The experimental evaluation focused on reconstructing audio from the test-clean subset of LibriTTS and comparing the results to multiple baselines such as EnCodec, HiFi-Codec, and DAC. WavTokenizer demonstrated superior performance with significantly lower token requirements (75 tokens/second), achieving near-human-level UTMOS scores.

Further analysis explored the impact of different contextual windows and codebook sizes. The results confirmed that larger codebook sizes considerably enhanced reconstruction quality, while extended contextual windows improved semantic modeling. Additional evaluation in noisy environments (LibriTTS Test-Other) and out-of-domain scenarios (LJSpeech) reaffirmed the robustness and adaptability of WavTokenizer.

Semantic Representation

For assessing semantic content, WavTokenizer was evaluated on the ARCH benchmark, which includes diverse datasets covering speech, music, and audio domains. The results on downstream classification tasks showcased WavTokenizer's capability to maintain and even enhance semantic richness compared to existing SOTA models, validating its potential for broader applications in generative and multimodal tasks.

Conclusion

WavTokenizer presents a significant advancement in the field of acoustic discrete codec tokenizers, offering substantial improvements in compression rates, reconstruction quality, and semantic richness. Its innovative approaches to quantization and decoder design set a new benchmark for future research in audio LLMing.
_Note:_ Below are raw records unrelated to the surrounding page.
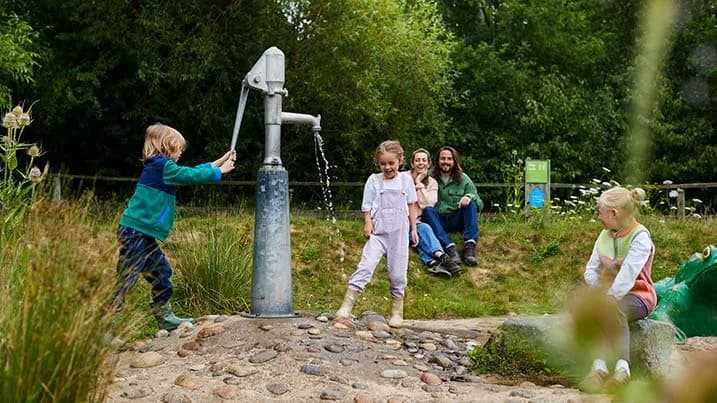 Children playing in the water play area at WWT Washington Wetland Centre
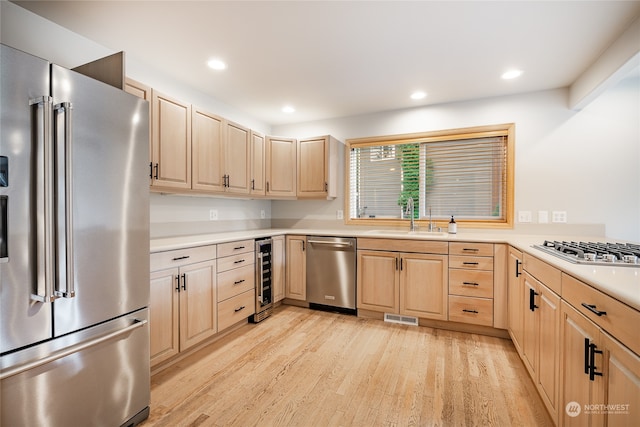 kitchen featuring sink, light wood-type flooring, light brown cabinetry, stainless steel appliances, and beverage cooler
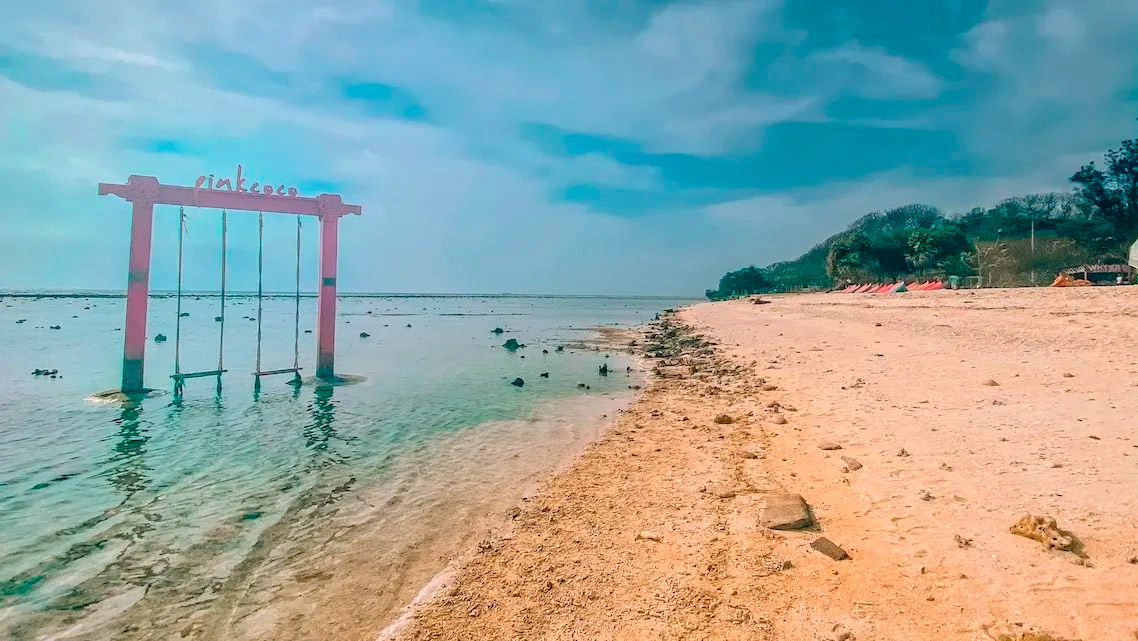 Hacerse una foto en sus famosos columpios​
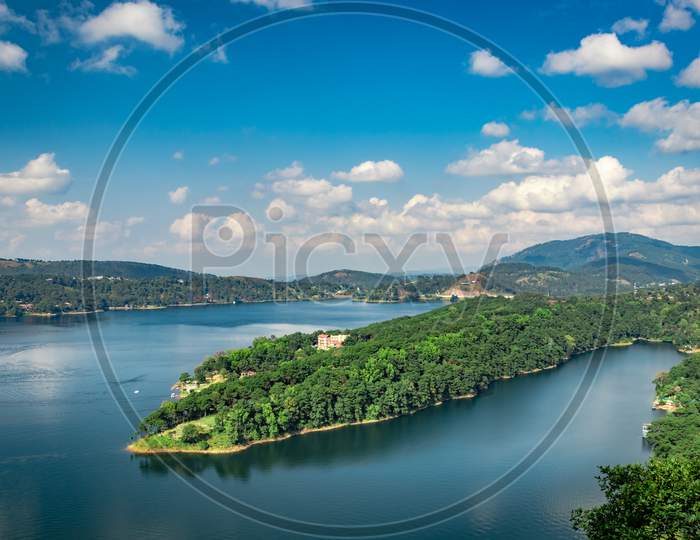 Lake Serene Blue Water With Misty Mountains Aerial Image Is Taken At Umiam Lake Shillong Meghalaya India. It Is Showing The Breathtaking Beauty Of Nature.
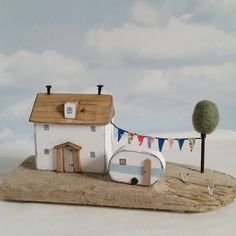 a small house on top of a piece of wood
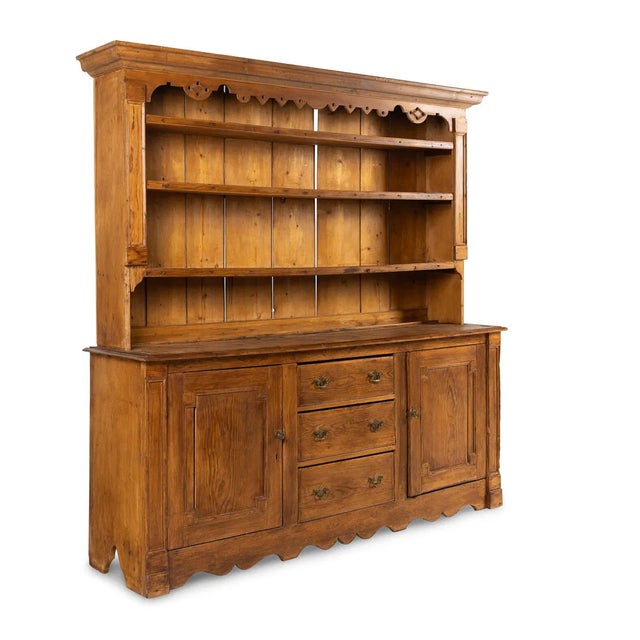 A handsome example of an antique English oak Welsh dresser, this piece showcases the warm patina and honest craftsmanship...
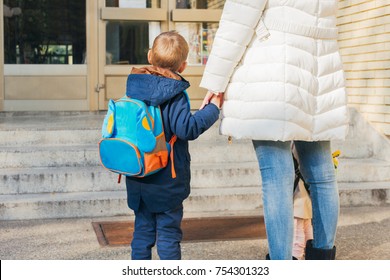 First Day Of School, Little Boy And His Mom Standing In Front Of School's Door, Closeup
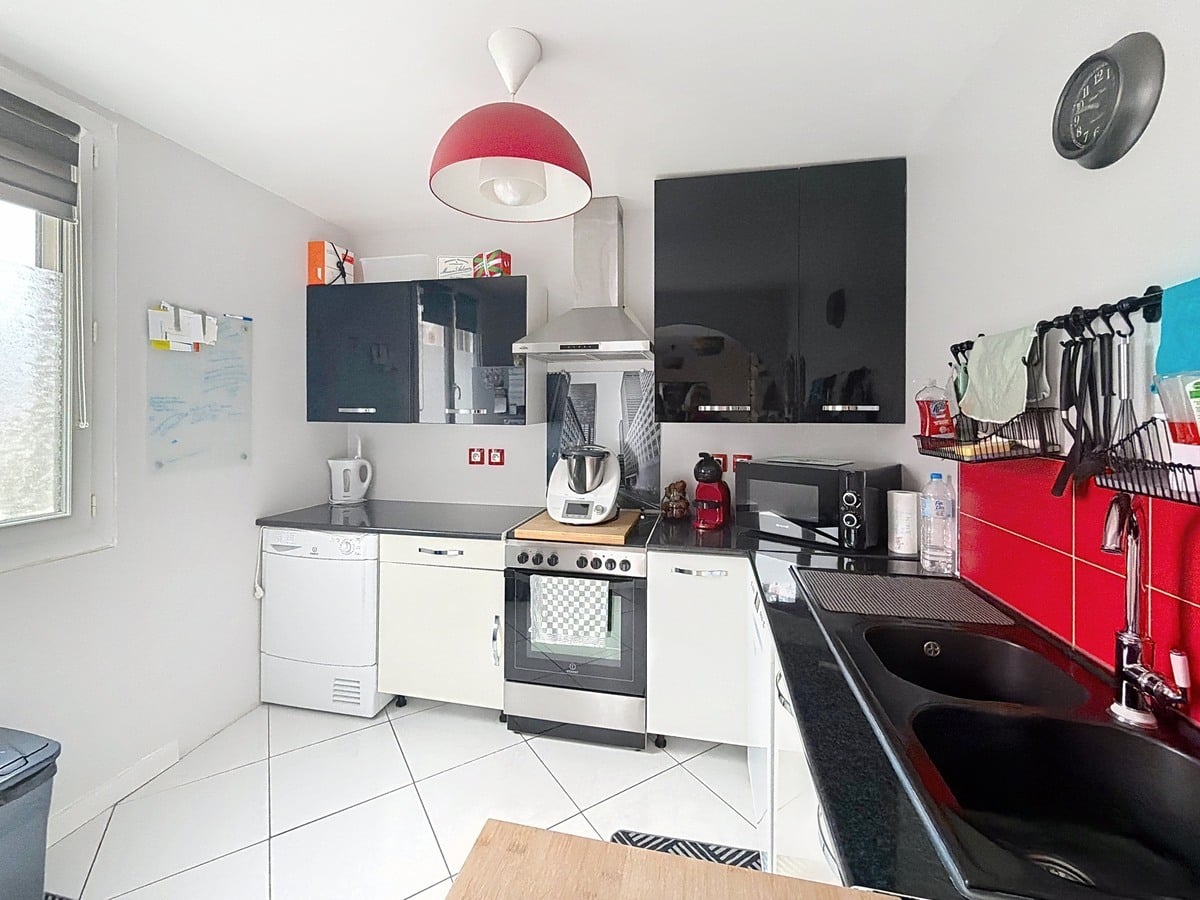 Cuisine ouverte avec meubles intégrés et équipements électroménagers. Plan de travail avec rangements et éclairage fonctionnel au plafond.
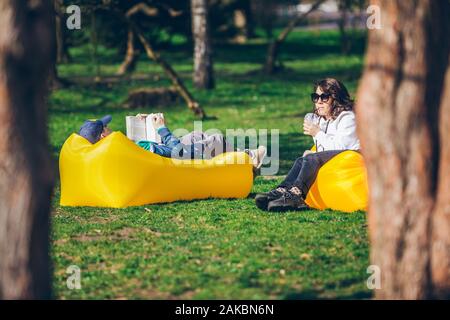couple laying on yellow inflatable mattress in city park. reading book. drinking smoothies Stock Photo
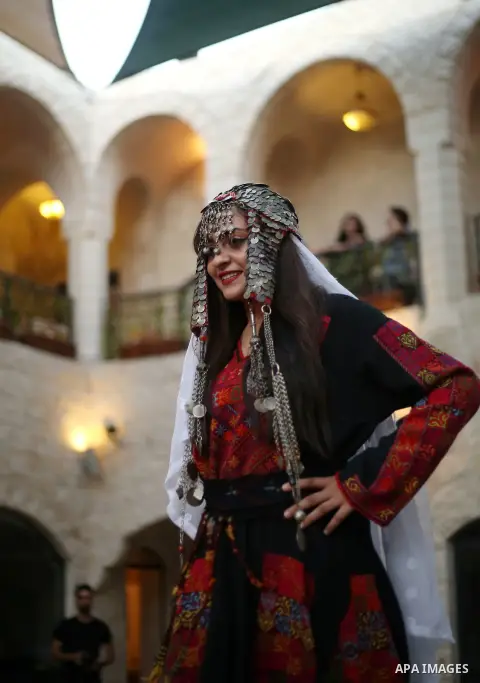 A Palestinian woman wearing traditional dress creation takes part during a fashion show marking Traditional Palestinian Dress Day, in the West Bank city of Nablus on August 22, 2017. Photo by Ayman Ameen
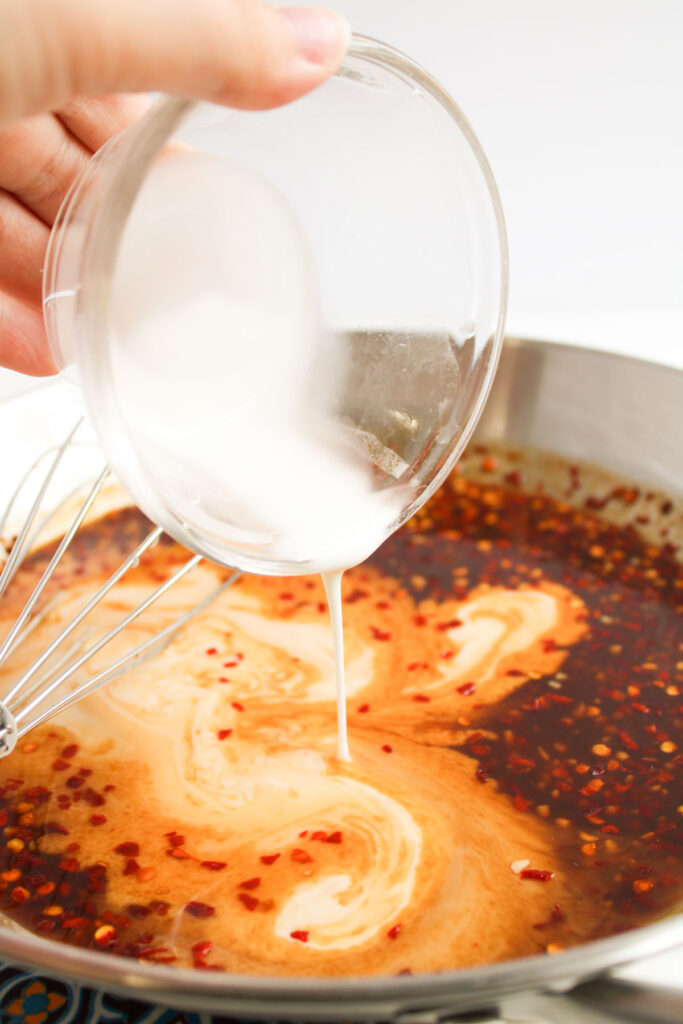 pouring slurry into sauce for general tsos chicken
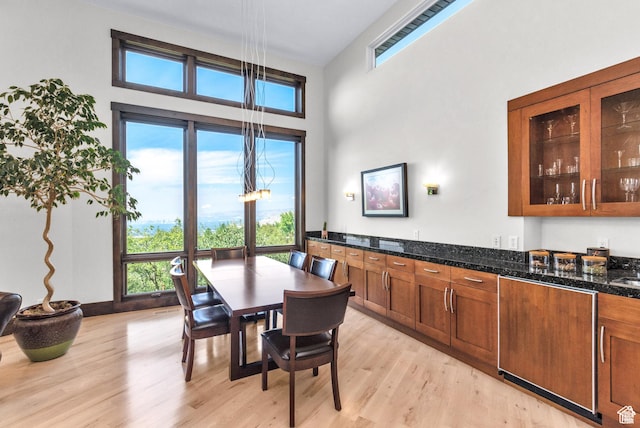 4127 E Mathews Way S, Salt Lake City, UT 84124 - dining room featuring light wood-style flooring and a towering ceiling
Further developments and validations are anticipated in future releases, expanding its applicability and fine-tuning its performance across various domains.

Future Directions

The future directions in this line of research might include exploring the potential of WavTokenizer in real-time applications, optimizing the model for low-latency environments, and extending its capabilities to other audio-related tasks such as content-based retrieval and audio-based emotion recognition. Additionally, integrating WavTokenizer into larger multimodal frameworks could open avenues for even more sophisticated generative models and applications.